Annual Roundup of Halloween myths and legends.....

http://www.snopes.com/holidays/halloween/halloween.asp


----------



## Evilness (Oct 24, 2005)

That page is one of many that subdues the bordem while I am at work.


----------



## Jack Reaper (Nov 19, 2003)

I had to bump this one up...some interesting reading!


----------



## Halloweiner (Oct 2, 2003)

I lived in Tenn in the 1980's and early 1990's. I had always heard there was a huanted house attraction up in Nashville that offerred your money back if you made it through. I don't think it was because it was scary though. Just hard to finish because of trap doors, and so on that would lead you outside before you could finish. Not sure if it really existed or not. The way everyone talked where I worked though it was a real place put on every year. I never took it to be an Urban Legend though, just an actual Haunted House some group put on.


----------



## Jack Reaper (Nov 19, 2003)

Halloweiner said:


> I lived in Tenn in the 1980's and early 1990's. I had always heard there was a huanted house attraction up in Nashville that offerred your money back if you made it through. I don't think it was because it was scary though. Just hard to finish because of trap doors, and so on that would lead you outside before you could finish. Not sure if it really existed or not. The way everyone talked where I worked though it was a real place put on every year. I never took it to be an Urban Legend though, just an actual Haunted House some group put on.

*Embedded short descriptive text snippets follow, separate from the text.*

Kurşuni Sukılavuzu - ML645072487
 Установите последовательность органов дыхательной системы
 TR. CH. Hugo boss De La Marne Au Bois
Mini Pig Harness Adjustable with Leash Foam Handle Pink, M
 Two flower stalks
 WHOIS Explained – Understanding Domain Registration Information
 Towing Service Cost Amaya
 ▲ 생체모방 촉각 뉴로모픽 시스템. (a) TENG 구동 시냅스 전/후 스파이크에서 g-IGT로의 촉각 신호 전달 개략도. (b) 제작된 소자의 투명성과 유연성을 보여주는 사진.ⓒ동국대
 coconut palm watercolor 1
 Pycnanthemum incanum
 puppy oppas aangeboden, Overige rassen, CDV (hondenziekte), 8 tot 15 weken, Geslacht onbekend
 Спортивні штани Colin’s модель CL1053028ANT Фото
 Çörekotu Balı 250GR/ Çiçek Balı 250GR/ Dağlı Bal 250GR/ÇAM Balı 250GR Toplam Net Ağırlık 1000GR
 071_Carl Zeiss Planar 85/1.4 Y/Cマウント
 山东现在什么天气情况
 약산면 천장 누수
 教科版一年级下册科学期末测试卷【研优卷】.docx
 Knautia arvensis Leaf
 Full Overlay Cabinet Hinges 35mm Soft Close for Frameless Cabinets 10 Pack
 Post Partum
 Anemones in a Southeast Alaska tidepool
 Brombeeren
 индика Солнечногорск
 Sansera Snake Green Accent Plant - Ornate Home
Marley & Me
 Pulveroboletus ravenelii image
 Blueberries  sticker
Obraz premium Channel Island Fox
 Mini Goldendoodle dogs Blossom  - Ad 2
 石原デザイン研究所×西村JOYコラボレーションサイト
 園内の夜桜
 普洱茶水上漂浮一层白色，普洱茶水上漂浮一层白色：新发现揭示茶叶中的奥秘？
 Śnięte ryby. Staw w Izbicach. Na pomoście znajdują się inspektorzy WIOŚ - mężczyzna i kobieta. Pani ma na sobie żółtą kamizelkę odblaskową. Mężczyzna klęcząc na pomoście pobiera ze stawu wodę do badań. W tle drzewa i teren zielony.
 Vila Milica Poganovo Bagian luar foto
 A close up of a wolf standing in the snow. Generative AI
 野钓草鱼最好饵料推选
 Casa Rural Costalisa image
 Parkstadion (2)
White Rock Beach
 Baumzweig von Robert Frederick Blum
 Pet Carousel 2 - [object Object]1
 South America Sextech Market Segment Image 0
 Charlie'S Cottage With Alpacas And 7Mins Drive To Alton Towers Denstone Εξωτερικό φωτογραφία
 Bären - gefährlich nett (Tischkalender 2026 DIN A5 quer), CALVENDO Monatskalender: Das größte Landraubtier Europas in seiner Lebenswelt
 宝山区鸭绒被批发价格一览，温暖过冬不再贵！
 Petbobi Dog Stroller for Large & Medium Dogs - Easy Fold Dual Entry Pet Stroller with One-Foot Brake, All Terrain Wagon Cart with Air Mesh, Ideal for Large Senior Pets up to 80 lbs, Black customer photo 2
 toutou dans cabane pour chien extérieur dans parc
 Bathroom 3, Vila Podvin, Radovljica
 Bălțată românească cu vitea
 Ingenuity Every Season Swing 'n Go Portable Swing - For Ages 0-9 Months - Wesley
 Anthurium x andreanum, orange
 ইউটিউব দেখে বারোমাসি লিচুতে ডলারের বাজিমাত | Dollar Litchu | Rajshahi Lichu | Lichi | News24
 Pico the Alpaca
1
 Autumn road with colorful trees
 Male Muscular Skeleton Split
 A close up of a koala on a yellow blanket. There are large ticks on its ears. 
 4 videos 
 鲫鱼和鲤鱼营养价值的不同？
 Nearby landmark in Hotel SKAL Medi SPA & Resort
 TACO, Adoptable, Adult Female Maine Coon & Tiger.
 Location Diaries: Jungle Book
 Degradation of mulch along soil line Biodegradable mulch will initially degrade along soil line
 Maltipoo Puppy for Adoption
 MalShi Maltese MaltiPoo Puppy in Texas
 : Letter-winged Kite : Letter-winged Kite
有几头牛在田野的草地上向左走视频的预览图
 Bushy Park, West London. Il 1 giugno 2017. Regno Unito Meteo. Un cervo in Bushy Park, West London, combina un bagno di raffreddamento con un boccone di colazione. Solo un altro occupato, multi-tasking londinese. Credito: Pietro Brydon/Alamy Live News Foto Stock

I think you are talking about the 13 floor Haunted House.....yeah...every city has one! (chuckle chuckle)


----------



## Halloweiner (Oct 2, 2003)

Yeah. I checked online. No such place in Nashville either. They do have an attraction that says it is the longest in the world. Takes 1 hour to go from start to finish. Plus there's another one that is 45,000 square feet. That's a lot of scary walkin'....lol.


----------



## Jack Reaper (Nov 19, 2003)

Halloweiner said:


> Yeah. I checked online. No such place in Nashville either. They do have an attraction that says it is the longest in the world. Takes 1 hour to go from start to finish. Plus there's another one that is 45,000 square feet. That's a lot of scary walkin'....lol.


We had one that claimed an hour.....it was! 45mins. of waiting...15mins of attraction!


----------